Con specifico riferimento al meccanismo di risoluzione delle controversie, rileviamo le seguenti modifiche:
- Trasparenza: è prevista una maggiore trasparenza nei procedimenti tra Stati contraenti, garantendo che i documenti procedurali siano pubblicamente disponibili e che le udienze possano essere accessibili al pubblico. Le Regole UNCITRAL sulla Trasparenza nell’Arbitrato Stato-Investitore (“ISDS”) basato su trattati del 1 aprile 2014 si applicheranno ai procedimenti arbitrali tra investitori e Stati contraenti, con ulteriori integrazioni previste dal Trattato;
- Controversie temerarie: per migliorare l’efficienza dei procedimenti arbitrali e ridurre i costi del contenzioso, sono previsti meccanismi per respingere (i) i reclami manifestamente privi di fondamento legale o giurisdizionale all’inizio del procedimento e (ii) i reclami infondati dal punto di vista giuridico nel merito. Una disposizione specifica riguarda il respingimento di reclami derivanti dalla ristrutturazione degli investimenti a fini strumentali[7];
- Third-Party Funding: la nuova disposizione imporrà a entrambe le parti della controversia di divulgare informazioni su un terzo che finanzia le spese del procedimento arbitrale;
- Cauzione: viene introdotta una nuova disposizione consentendo a una Parte contraente di richiedere che il ricorrente presti garanzie per le spese in determinati casi, come quando vi è il rischio che non onori una decisione sfavorevole sulle spese[8]:
- Dispute intra-UE: esclusione dell’arbitrato tra Stati membri UE in linea con la giurisprudenza della Corte di Giustizia dell’UE[9];
- Controversie in tema di sviluppo sostenibile: Un meccanismo di risoluzione delle controversie dedicato sarà applicabile alle controversie tra Stati contraenti riguardanti l’interpretazione e l’applicazione delle nuove disposizioni sullo sviluppo sostenibile. Tale meccanismo includerà la possibilità di riferire la questione a un conciliatore[10].
3. L’entrata in vigore e sunset clause
Le modifiche al Trattato entreranno in vigore in via provvisoria a partire dal 3 settembre 2025, salvo dichiarazioni contrarie da parte degli Stati contraenti. La ratifica formale richiederà, tuttavia, l’approvazione di almeno tre quarti degli Stati firmatari.

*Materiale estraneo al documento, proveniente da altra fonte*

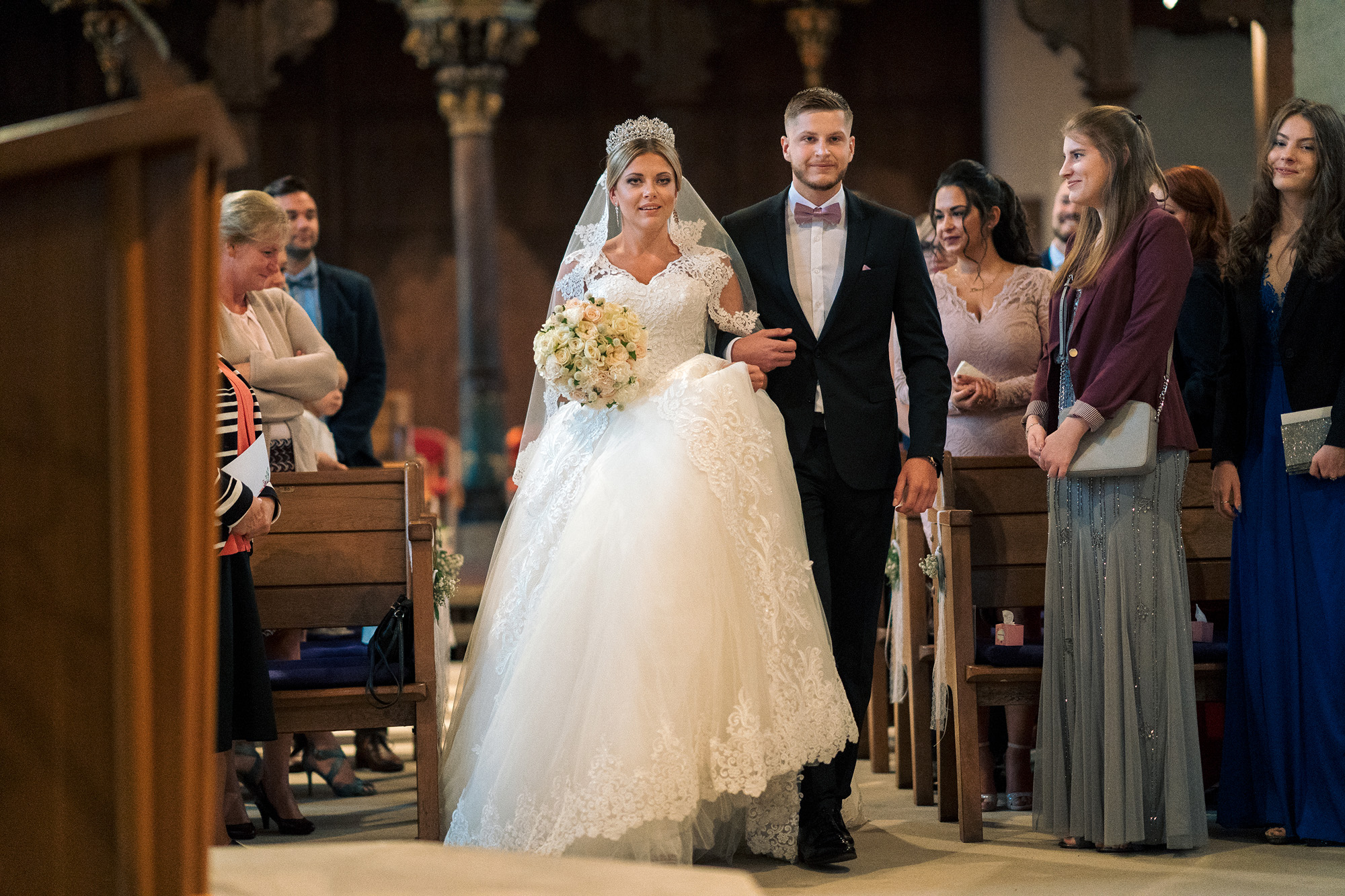 Hochzeitsfeier mit starker Stimmung in Bremen - Bild 77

Il processo di modernizzazione del Trattato si inserisce in un contesto segnato da numerosi abbandoni del Trattato da parte degli Stati contraenti negli ultimi anni, tra cui diversi Stati membri dell’UE (compresa l’Italia), nonché l’UE stessa e l’Euratom. Anche il Regno Unito ha recentemente notificato la propria uscita dal Trattato.
L’Italia ha denunciato il Trattato già nel 2016.
Tuttavia, in virtù della cosiddetta “sunset clause” prevista dall’Art. 47 dell’ETC, che prevede una “sopravvivenza” del Trattato, e la protezione degli investimenti, per i venti anni successivi all’abbandono da parte di un contraente, si può sostenere che l’Italia debba restare comunque obbligata a garantire la protezione degli investimenti effettuati prima di tale data fino al 1 gennaio 2036.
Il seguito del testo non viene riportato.